The third day saw our first lecturer from outside the parkour/ADD community giving a talk on the possibilities of the discipline in schools. We also introduced the ADAPT certification to the groups, again, expertly done by a certain Mr Vigroux Senior. Motives for teaching were discussed and some sage advice expounded by many, but Chau and Steph especially. A reminder, in particular, that there is no obligation to teach: in order to do so you must really KNOW the discipline, have lived it and have that experience. And that is not enough; you must really want to teach and know deep down personally, that you are both ready and able to teach.

The afternoon saw an impromptu conditioning break out in the small amount of free-time we had. Some chose to train in their own way but a small contingent of French, Finnish, myself and a couple of others embarked on an arm session comprising various pulling exercises. As always (and for those who don't know already), this was done with sets of 6 or 11 repetitions, being the traditional 5 or 10 but with one extra for family or friends who aren't there: an important reminder that we don't just train for ourselves, but for the group. Feeling suitably beasted, I was mock-alarmed to discover that Laurent was inviting us to join him for a "handstand-block": a series of exercises that started with an 11 second handstand followed by 6 press-ups repeated 6 times and got worse from there! Suffice to say we all tried our best but could not keep up with a man who frankly, must be at least part machine.

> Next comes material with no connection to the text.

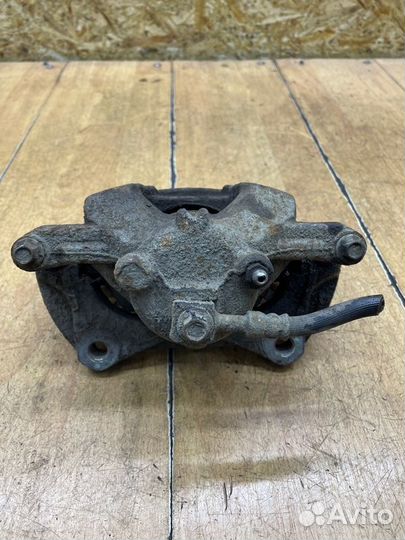 Тормозной суппорт передний правый Opel Astra J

"the lake outside the hotel was incredibly cold but not, apparently, enough to deter many of the guys from going for a swim"

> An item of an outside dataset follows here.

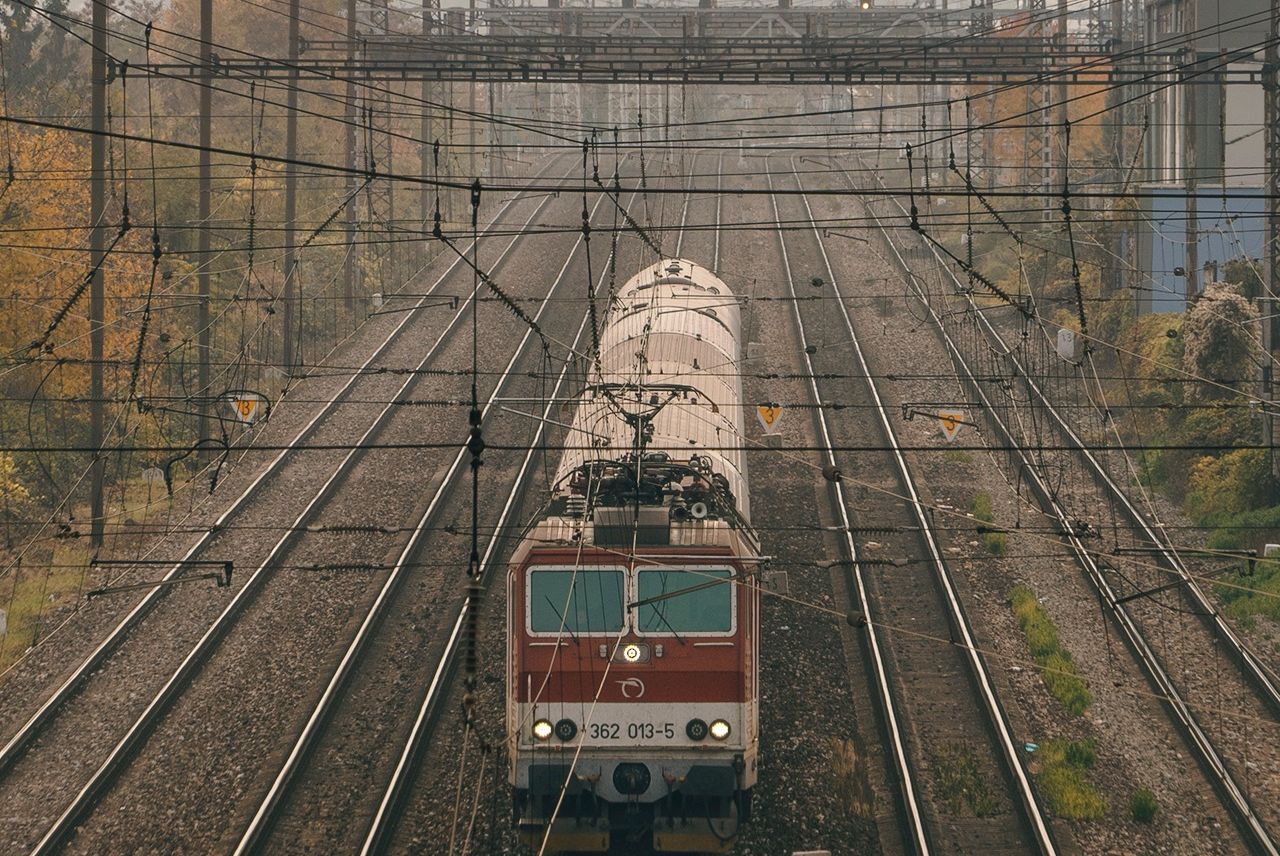 Inforail - Duże zmiany w ruchu pociągów w Bratysławie. Część składów pojedzie na Nové Mesto, bilety ważne w tramwajach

Day 4 saw quite a few sleepy faces due to the fire-alarm which helpfully decided to make sure we were all up and ready a little earlier than was strictly necessary. Having being rudely interrupted from my slumber, I decided to take it out on those stairs again and met Martin and Laurent who had either decided the same, or managed to beat the fire-alarm downstairs. More outside lecturers began the day proper, followed closely by an excellent presentation by the Danish who were considering possible avenues of future co-operation amongst other things. After the intellectual start to the day, it was time for the French to give everyone some ideas about advanced conditioning and practise, and time for me to regret my decision to frequent the steps earlier that day as after a brief jog, we spent the majority of the next 2 hours going up them in a variety of manners. Needless to say, Laurent seemed fresher on his second attack of the stairs than most people engaging it for the first time that day.

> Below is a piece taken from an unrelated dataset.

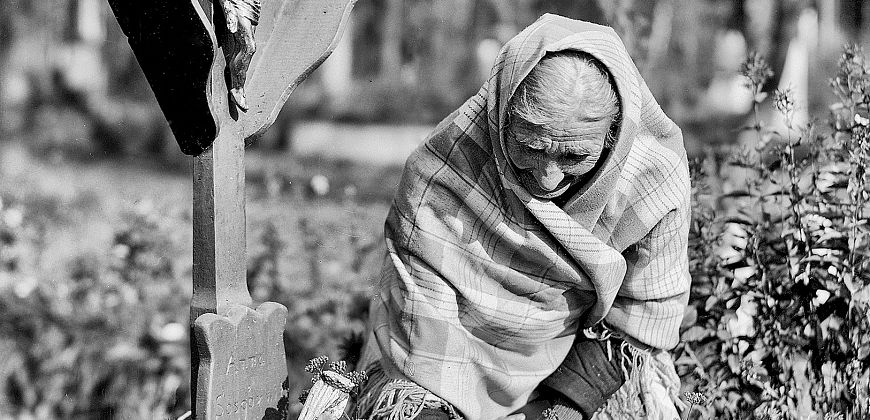 starsza kobieta na cmentarzu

The day and week were rounded off by everyone going to a viking restaurant in the city and enjoying an excellent meal. Despite some of the more hard core staying awake a little longer, Thomas and I beat a hastyish retreat to the hotel in anticipation of the 4.30 alarm call in order for us to make our bus to the airport the next day.

A few other vague details and memories from the week have occured to me in no sensible order:

Firstly; saunas are extremely smegging hot! Having not been in one for a number of years, I had completely forgotten what it was like to breath through your mouth because it burnt too much to try the usual nasal cavity.

Secondly; on the other extreme of the spectrum, the lake outside the hotel was incredibly cold but not, apparently, enough to deter many of the guys from going for a swim, and Thomas frequenting the water at all manner of odd hours, when the best I could manage was to stay in for about a minute holding onto the pier!

Thirdly; thanks to all who came to the seminar and shared, learned, took part and trained: Italy, Spain, Portugal, Denmark, France, Finland and, of course, the French B-team aka UK.

Lastly; Perttu was, despite his claims to have had help, an absolute trooper and star without whom the seminar would have flopped badly. A man who not only managed to stay out when Thomas and I heard our beds calling, but who then had to be awake at random 2 hourly periods throughout the night and early hours to drive people to the bus station. Thanks also go to the Finnish guys for being generally helpful throughout the trip.